Il s'agira ensuite d'envisager un projet, de trouver les bons arguments et de savoir les verbaliser. «Pour s'y exercer, j'utilise volontiers la vidéo» explique Claude Brandt. Puis viendra le temps de mettre en place une stratégie et de fourbir ses armes: curriculum vitae, lettre de motivation, entretien, etc.
Une cohérence absolue
Il faut surtout qu'existe une parfaite cohérence entre son ambition et les compétences et qualités que l'on est à même d'offrir. Et de citer l'exemple de ce commerce dont le responsable se plaignait du renouvellement constant de son personnel de vente. Alors que les dossiers des personnes attestaient de leurs compétences, il ne comprenait pas pourquoi elles quittaient l'entreprise quelques mois après leur engagement. «Je lui ai fait remarquer qu'il y avait un manque de cohérence évident entre les exigences précisées sur l'offre d'emploi et ce qu'il attendait réellement de ses vendeurs. Dans l'annonce, on insistait sur le savoir-faire alors que, sur le terrain, l'accent était mis surtout sur le savoir-être, d'où une inadéquation permanente, et un manque de satisfaction de part et d'autre» en a déduit Claude Brandt.
Avant de se lancer à la recherche d'un nouveau travail, il sera donc indispensable de bien définir ce que l'on veut et d'«apprendre à lire les annonces par les compétences» précise encore ce professionnel. Ainsi, on évitera de postuler pour une activité exigeant d'autres connaissances que celles que l'on possède.

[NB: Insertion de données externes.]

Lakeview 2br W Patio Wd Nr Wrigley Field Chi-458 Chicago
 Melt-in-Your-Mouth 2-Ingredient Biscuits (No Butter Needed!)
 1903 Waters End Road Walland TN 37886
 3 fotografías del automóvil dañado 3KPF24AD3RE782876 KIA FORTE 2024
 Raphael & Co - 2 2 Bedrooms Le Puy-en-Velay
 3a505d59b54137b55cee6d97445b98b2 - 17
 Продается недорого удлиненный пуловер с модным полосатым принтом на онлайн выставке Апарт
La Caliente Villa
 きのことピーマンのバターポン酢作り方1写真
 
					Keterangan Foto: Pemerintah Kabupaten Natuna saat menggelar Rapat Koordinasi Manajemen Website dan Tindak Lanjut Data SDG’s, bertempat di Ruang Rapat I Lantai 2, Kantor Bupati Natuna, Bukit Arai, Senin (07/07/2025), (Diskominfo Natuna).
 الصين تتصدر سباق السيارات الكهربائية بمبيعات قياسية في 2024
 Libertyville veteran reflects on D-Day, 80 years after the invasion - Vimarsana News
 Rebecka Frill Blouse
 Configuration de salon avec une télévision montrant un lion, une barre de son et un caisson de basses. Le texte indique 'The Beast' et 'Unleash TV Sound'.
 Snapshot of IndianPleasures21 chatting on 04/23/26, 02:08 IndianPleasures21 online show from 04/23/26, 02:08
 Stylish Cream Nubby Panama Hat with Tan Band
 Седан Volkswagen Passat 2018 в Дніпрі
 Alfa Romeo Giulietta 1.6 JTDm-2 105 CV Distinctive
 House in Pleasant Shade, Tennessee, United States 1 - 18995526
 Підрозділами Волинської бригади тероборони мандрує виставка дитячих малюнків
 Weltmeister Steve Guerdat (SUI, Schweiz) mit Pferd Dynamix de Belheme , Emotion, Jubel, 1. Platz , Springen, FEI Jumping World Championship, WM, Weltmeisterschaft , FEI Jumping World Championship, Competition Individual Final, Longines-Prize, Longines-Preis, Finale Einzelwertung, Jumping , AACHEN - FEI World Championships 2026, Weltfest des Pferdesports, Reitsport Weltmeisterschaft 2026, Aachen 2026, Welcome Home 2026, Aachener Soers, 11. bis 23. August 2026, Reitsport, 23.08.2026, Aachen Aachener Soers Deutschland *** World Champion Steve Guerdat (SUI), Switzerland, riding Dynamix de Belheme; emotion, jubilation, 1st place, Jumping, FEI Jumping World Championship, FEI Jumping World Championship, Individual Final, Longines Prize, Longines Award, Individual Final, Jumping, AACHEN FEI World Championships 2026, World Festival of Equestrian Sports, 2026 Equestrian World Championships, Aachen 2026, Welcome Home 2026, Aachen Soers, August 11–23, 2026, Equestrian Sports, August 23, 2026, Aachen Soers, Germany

A chacun sa façon de réagir
«Mes missions durent entre trois et six mois et, généralement, la quasi-totalité des personnes parviennent à retrouver un emploi durant ce laps de temps» affirme Claude Brandt.
Il a constaté jusqu'ici que, généralement, un tiers environ des personnes concernées par une vague de licenciements ont suffisamment de ressources en elles-mêmes pour rebondir rapidement. Dynamiques, elles prendront rapidement les choses en mains et sauront «vendre» leurs compétences sans problème. Pour un autre tiers, un accompagnement sera nécessaire, L'assistance plus ou moins soutenue d'un conseiller les aidera à cerner leurs atouts et leurs lacunes, à formuler un projet et à trouver les moyens de le mener à bien. «Pour les 30% restants, ce sera plus ardu» avoue Claude Brandt. «Il s'agit souvent de travailleurs connaissant des difficultés à plusieurs niveaux: manque de formation, problèmes familiaux, financiers, ou de santé, ce qui complique les choses. Je leur conseille parfois de s'adresser à d'autres spécialistes ou instances mieux armés que moi pour les aider» reconnaît-il.
«Quand une personne a retrouvé un emploi et vient me remercier, je lui fais toujours remarquer que ce n'est pas à moi qu'elle le doit, car c'est elle qui a tout fait pour l'obtenir» souligne-t-il pour conclure.